Courgetti & Meatballs
November 16, 2015 | Serves 4
- 1 Courgette Per Person, Spiralized
For the Sauce:
- 3 Tablespoons of Olive Oil
- 4 Cloves of Garlic, Minced
- 2 Teaspoons of Dried Oregano
- 3 x 400g Tin of Chopped Tomatoes
- 2 Bay Leaves, Dried
- Coarse Salt & Pepper
- Handful of Fresh Basil
For the Meatballs
- 400g Minced Beef
- 400g Minced Pork
- 1/2 Cup of Ground Almonds (60g)
- 5 Tablespoons of Almond Milk, Unsweetened
- 1 Egg, Whisked
- 2 Garlic Cloves, Minced
- 1 Teaspoon of Dried Oregano
- 10g of Parsley
- Coarse Salt & Pepper
There’s few things I love more than a crisp bowl of courgetti smothered in hot, gorgeous tomato sauce and when you pile it high with incredible meatballs it’s just perfection. These meatballs are so good, they’re a blend of pork and beef moistened with soaked ground almonds for the best texture and flavoured with loads of garlic, oregano and fresh parsley. The sauce is super garlicky and full of flavour and when it’s hot it ever so slightly softens the raw courgetti to make it the perfect texture. If you have a little extra time, leave the sauce to simmer for about an hour but if you’re rushing, you can have this on the table in about half an hour.
First things first, get the sauce on. The longer you can leave it to simmer, the better (20 minutes will do, up to an hour on really low heat is ideal). Add the olive oil to a pot on low-medium heat. Add in 4 cloves of minced garlic and toss it in the oil. Let it cook for a few minutes until soft.
Pour in the chopped tomatoes and add the bay leaves. Sprinkle in a good pinch of coarse salt and pepper and stir. Bring the sauce to a soft simmer and leave it to simmer on low heat for as long as you can.
While the sauce is cooking, make the meatballs. Combine the beef and pork in a large bowl, breaking up and mixing the meat with your hands. Finely chop the parsley and add it to the bowl with the garlic, oregano, and a good pinch of coarse salt and pepper. Add the whisked egg to the meat mixture and mix everything together gently with your hands.

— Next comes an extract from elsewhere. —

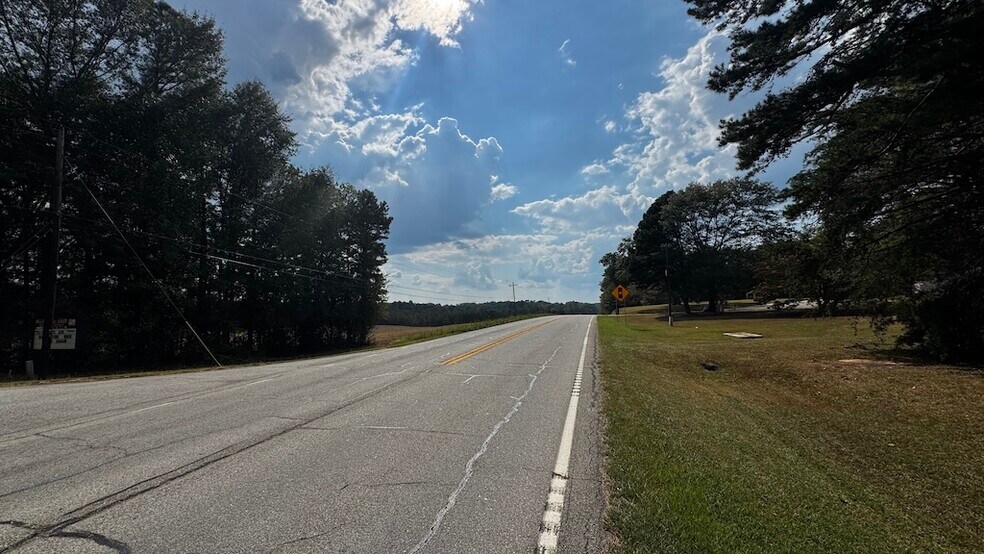 More Photos Of 0 GA Hwy 120 GA 120 Hwy, Buchanan Land For Sale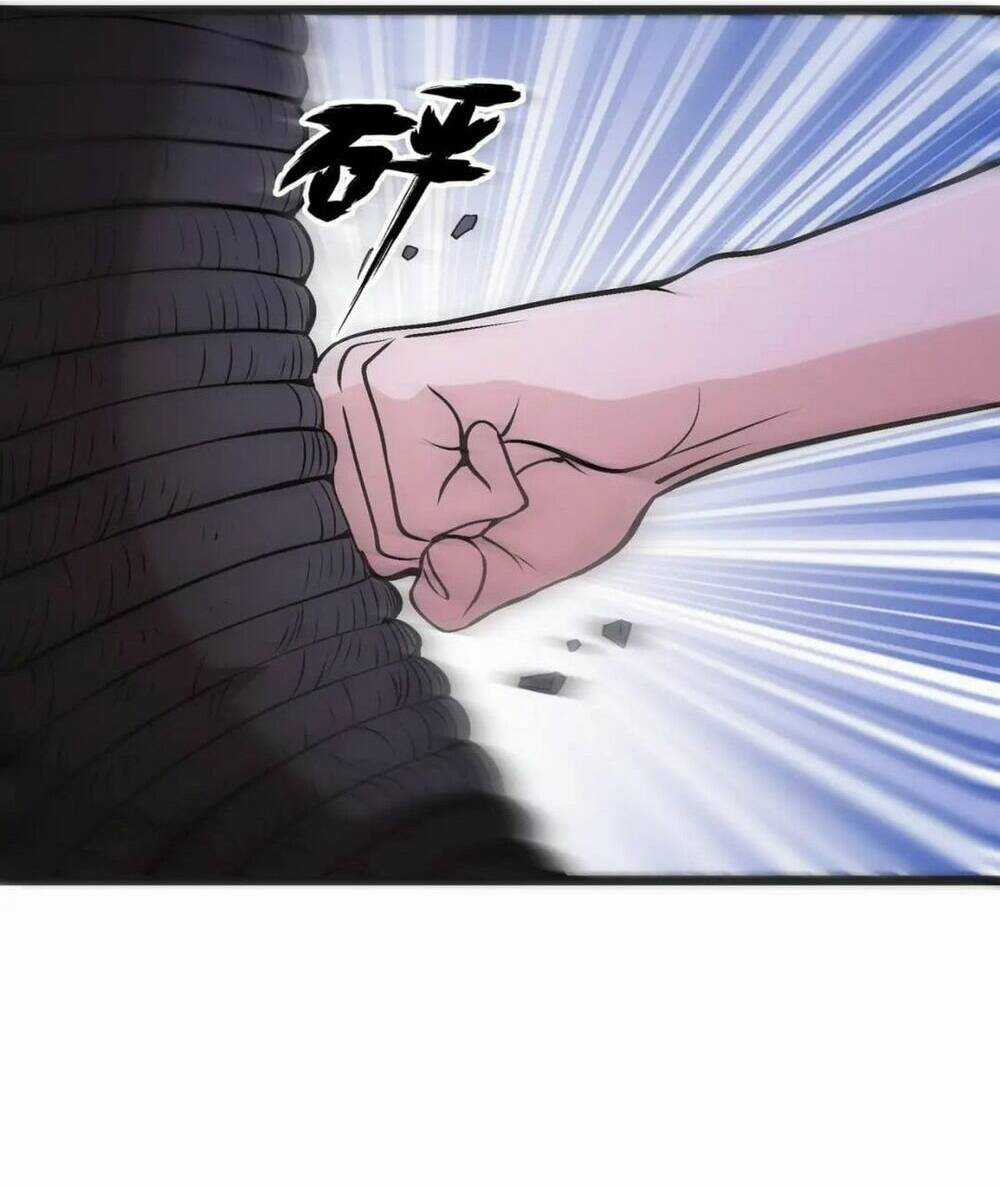 Đại Đường: Võ Thần Group Chat Chapter 32 trang 60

In a small bowl, combine the ground almonds and almond milk and stir well. Pour this mixture into the meat and mix gently with your hands.
Use damp hands to roll the mixture into balls and set them aside.
When the sauce has been on for atleast 20 minutes, heat a large frying pan on medium-high heat and add in about a tablespoon of olive oil. When it’s hot, add in the meatballs and cook them until brown on all sides, you may have to do a few batches depending on the size of your pan.
Roughly chop the basil and stir it into the sauce. Add the browned meatballs to the pot of sauce, coating them in the sauce, turn the heat up a little and let it all simmer until the meatballs are cooked through, about 10 minutes.
Plate the spiralized courgetti and smother it in the sauce and meatballs.